## Exercise objective
Report each line of the data that contains the string "Chaturbate".

## Supplied records
● ● ● ● ● ● ●

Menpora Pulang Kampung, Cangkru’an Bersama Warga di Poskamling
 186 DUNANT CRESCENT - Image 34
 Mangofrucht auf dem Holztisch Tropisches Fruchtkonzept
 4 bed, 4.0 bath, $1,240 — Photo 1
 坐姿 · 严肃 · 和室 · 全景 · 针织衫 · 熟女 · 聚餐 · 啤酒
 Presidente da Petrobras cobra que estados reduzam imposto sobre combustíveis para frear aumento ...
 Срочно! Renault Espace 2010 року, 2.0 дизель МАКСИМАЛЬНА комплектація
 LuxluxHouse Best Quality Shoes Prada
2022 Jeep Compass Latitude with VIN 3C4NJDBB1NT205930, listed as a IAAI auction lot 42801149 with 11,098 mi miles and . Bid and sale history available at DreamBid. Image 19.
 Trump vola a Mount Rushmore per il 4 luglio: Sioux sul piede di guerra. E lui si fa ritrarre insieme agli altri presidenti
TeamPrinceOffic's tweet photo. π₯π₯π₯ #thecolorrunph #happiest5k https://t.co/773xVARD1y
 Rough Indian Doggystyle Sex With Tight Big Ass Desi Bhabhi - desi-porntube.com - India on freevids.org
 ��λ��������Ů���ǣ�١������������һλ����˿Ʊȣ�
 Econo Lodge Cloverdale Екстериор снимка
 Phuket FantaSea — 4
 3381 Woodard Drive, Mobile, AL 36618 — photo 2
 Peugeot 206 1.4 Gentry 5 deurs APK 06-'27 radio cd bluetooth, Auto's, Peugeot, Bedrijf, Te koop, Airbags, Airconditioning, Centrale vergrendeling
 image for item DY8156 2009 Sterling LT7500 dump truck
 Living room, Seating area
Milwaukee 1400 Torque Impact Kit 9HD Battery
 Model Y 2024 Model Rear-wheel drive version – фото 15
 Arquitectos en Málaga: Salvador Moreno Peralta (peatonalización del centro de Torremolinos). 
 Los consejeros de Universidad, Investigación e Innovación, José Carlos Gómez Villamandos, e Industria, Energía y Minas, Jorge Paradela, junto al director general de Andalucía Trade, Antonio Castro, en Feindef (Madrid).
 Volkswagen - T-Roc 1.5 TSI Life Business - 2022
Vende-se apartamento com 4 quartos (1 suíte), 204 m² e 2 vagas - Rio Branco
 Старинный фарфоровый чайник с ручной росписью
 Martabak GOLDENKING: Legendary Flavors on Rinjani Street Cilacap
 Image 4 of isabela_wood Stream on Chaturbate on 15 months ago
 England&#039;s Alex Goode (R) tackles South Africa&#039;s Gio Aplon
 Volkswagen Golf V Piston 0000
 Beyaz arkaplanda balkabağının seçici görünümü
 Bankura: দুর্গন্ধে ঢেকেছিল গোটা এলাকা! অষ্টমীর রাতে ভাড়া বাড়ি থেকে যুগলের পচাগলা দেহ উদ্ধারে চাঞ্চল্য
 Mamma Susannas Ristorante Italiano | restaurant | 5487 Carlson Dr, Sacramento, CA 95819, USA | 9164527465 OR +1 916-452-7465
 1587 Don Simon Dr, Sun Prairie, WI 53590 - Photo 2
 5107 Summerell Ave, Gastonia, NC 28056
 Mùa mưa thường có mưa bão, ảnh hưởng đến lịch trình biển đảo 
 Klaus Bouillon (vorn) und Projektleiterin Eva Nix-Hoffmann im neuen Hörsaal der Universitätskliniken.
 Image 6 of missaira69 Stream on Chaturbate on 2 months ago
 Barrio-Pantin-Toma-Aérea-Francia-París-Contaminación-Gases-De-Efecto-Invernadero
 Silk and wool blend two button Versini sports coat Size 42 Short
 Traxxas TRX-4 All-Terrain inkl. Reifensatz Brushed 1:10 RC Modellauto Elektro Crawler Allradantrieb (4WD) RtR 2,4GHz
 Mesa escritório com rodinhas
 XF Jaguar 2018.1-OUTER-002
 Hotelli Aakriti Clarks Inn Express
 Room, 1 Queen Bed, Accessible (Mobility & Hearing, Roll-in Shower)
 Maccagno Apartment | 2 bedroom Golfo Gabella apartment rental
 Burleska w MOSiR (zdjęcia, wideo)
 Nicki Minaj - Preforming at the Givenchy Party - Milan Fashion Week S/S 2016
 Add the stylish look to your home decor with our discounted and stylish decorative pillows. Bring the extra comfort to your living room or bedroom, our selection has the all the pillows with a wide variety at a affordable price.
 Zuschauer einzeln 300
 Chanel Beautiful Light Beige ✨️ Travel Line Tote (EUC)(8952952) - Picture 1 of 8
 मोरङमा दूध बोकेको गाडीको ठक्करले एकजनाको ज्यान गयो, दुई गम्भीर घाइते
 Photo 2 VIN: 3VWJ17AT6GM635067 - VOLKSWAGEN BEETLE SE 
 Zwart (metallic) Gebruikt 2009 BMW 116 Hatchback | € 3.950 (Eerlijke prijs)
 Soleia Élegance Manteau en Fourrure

● ● ● ● ● ● ●

## Exercise answer
 Image 4 of isabela_wood Stream on Chaturbate on 15 months ago
 Image 6 of missaira69 Stream on Chaturbate on 2 months ago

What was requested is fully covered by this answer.